5.3 AstroDrizzle in the Pipeline
Only ACS and WFC3 data are currently being processed using On-the-Fly Calibration (OTFR) with AstroDrizzle in the pipeline. Active imaging instruments that are AstroDrizzle-compatible are WFC3, ACS, and STIS. Drizzled NICMOS and WFPC2 data are stored in a Static Archive as MultiDrizzle products along with their flat-field calibrated files (flt.fits and c0m.fits, respectively). However, they are also compatible with AstroDrizzle for anyone who wishes to reprocess those images.
In the pipeline, data undergoes standard calibration to produce flat-field calibrated files (flc.fits/flt.fits
). AstroDrizzle processing starts with the name of a single exposure, or the name of an association file containing the names of several exposures to be combined. A single exposure will generate an output file with the same rootname but with the suffix drc.fits/drz.fits
. When an association file is provided as input to AstroDrizzle, all flc.fits/flt.fits
images belonging to that association are drizzle-combined to create a product with the same rootname (with suffix drc.fits/drz.fits
) as the association file. The AstroDrizzle products from the Archive, listed below with their respective file suffix, are:
drz.fits
: These are the default drizzle multi-extension FITS products, created usingflt.fits
input files. This type of drizzled image has extension typesSCI
(for the science image extension),WHT
(the weight image extension), andCTX
(context image extension) in the final combined image.- The weight extension contains an image that is is a relative weight map of the output pixels, and is essentially an effective exposure time map.
- The context extension contains an image that is a map of the output images, and a record of which images contributed to each pixel.
drc.fits
: These drizzled multi-extension FITS products are generated from ACS/WFC or WFC3/UVIS CTE-corrected calibrated data with the suffixflc.fits
..log
: AstroDrizzle generates an ASCII file containing a log of all messages reported during processing; this file gets used as the basis for the final products trailer file during pipeline processing.
As part of pipeline processing, distortion information are integrated into the calibrated data from a set of reference files, and WCS information is then recomputed using this distortion information.

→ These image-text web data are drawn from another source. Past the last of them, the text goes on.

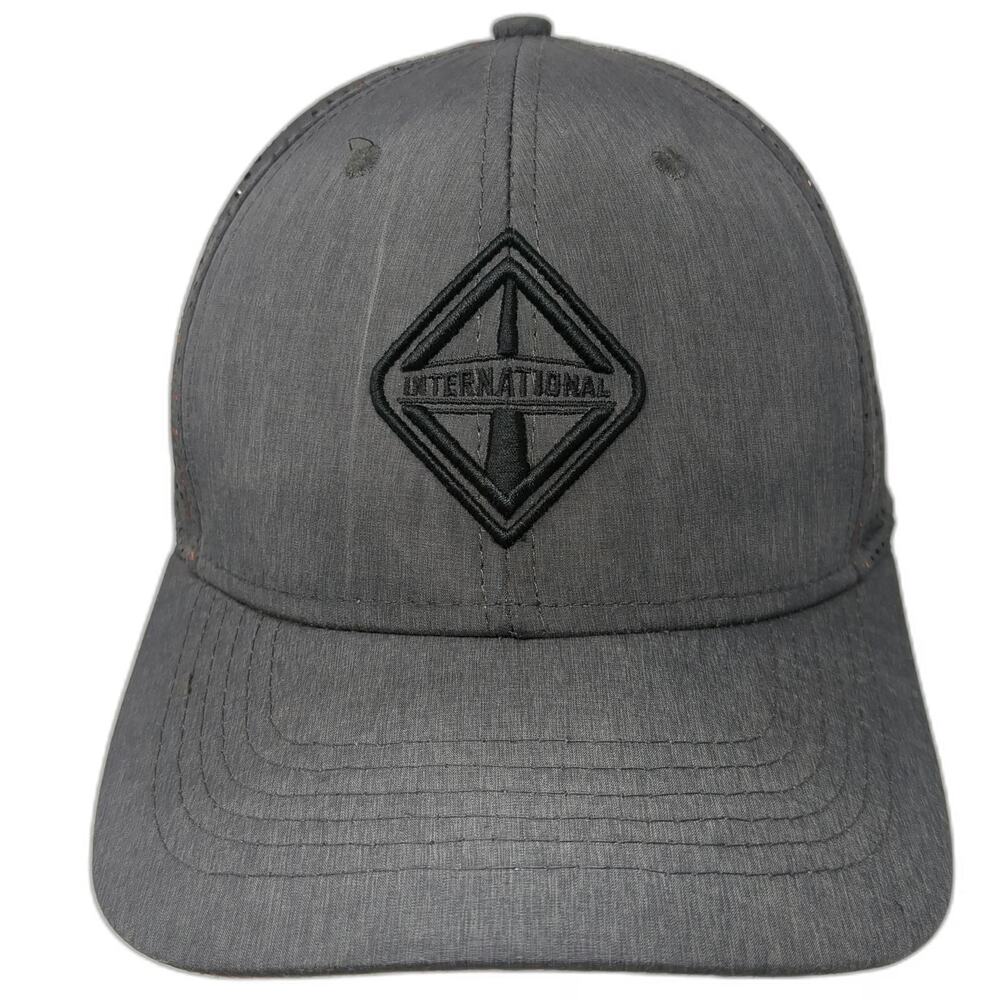 International Trucker Hat Gray One Size Perforated Snapback Orange Underbrim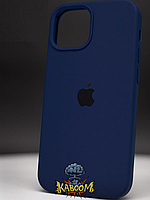 Чехол с закрытым низом на Айфон 14 Плюс Темно - Синий / Silicone Case для iPhone 14 Plus Blue Cobalt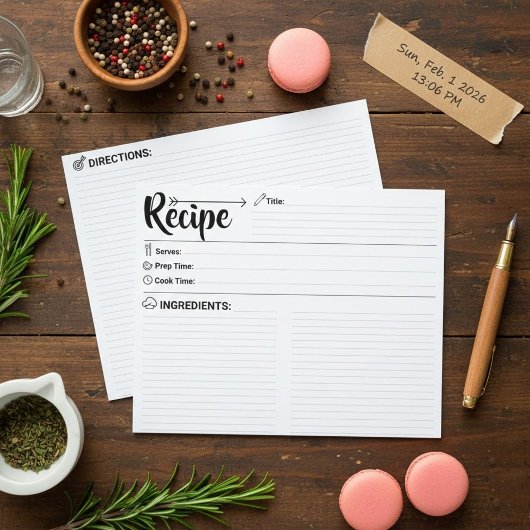 Double Sided Blank Recipe Card (Cooking Cards)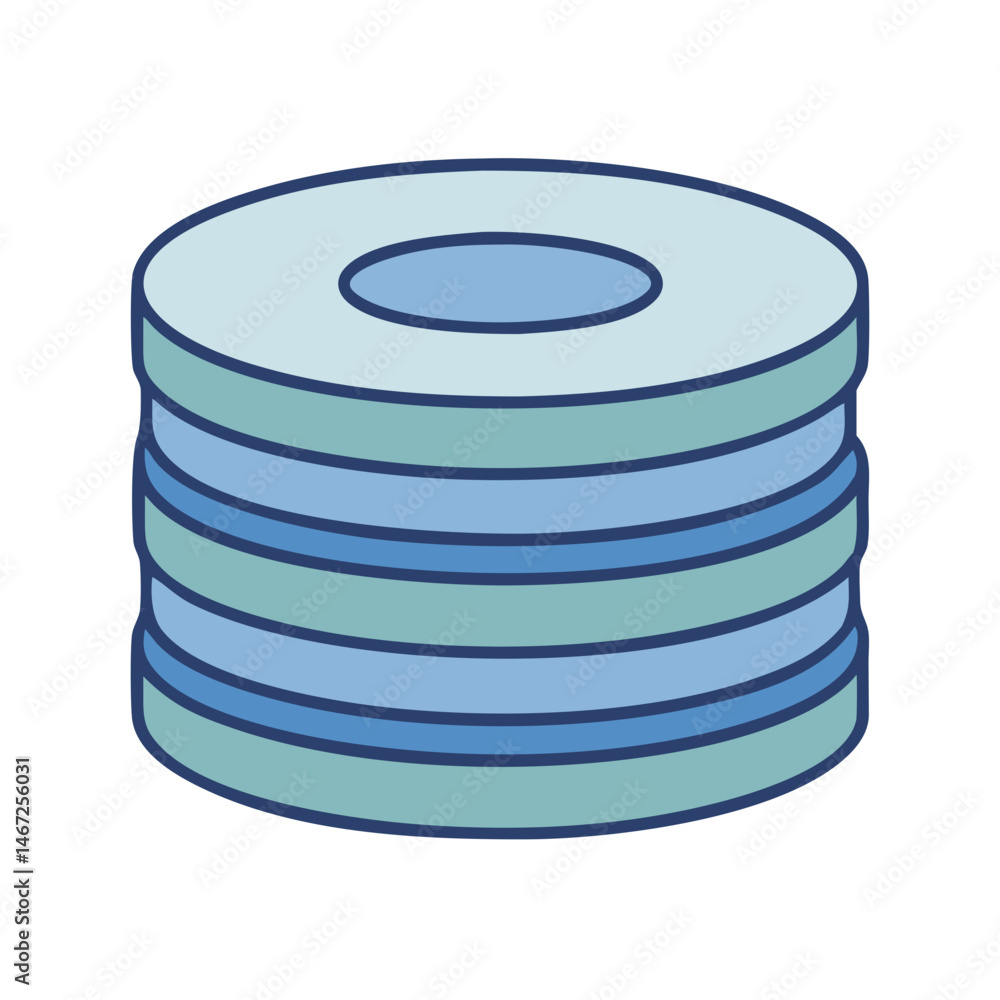 Poster isometric database server stack illustration for data storage and cloud computing design concept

AstroDrizzle parameter settings for pipeline use are defined for different observing configurations in a reference table named by the header keyword MDRIZTAB
. Drizzle-combined data from the pipeline should generally be regarded as quick-look products, and users are strongly encouraged to reprocess their images using AstroDrizzle to see if the quality of data can be tuned to the specific scientific needs by using different parameter values. Information on how to determine the quality of Archive drizzled products is available in Chapter 8.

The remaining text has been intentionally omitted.